Work to be completed
Leave out all pictures while you copy the lines exactly from the one with "Timothy Low Rise" through the last line of the listing.
*** Data below ***
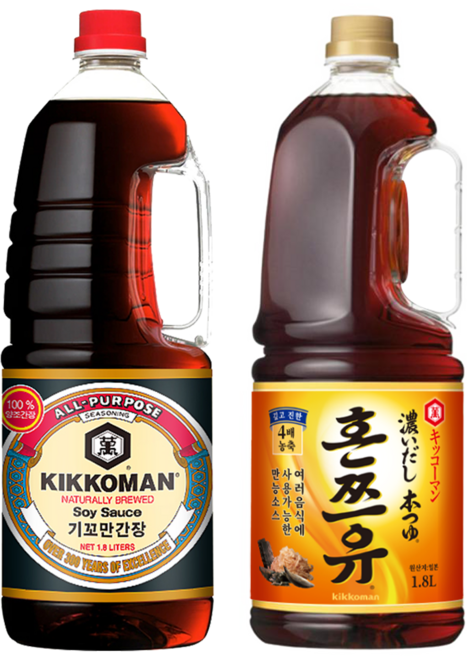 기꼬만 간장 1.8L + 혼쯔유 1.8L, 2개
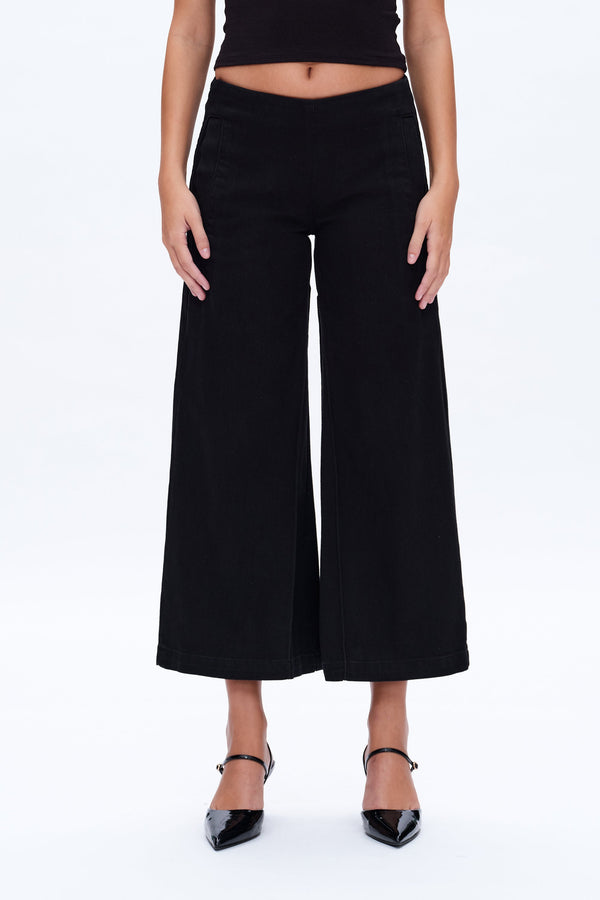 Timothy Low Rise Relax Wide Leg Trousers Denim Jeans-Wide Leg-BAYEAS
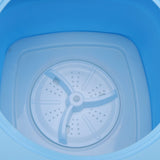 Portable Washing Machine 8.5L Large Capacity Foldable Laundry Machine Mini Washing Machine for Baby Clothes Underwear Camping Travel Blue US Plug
*** End of Data below ***
Solution for this problem
 Timothy Low Rise Relax Wide Leg Trousers Denim Jeans-Wide Leg-BAYEAS
 Portable Washing Machine 8.5L Large Capacity Foldable Laundry Machine Mini Washing Machine for Baby Clothes Underwear Camping Travel Blue US Plug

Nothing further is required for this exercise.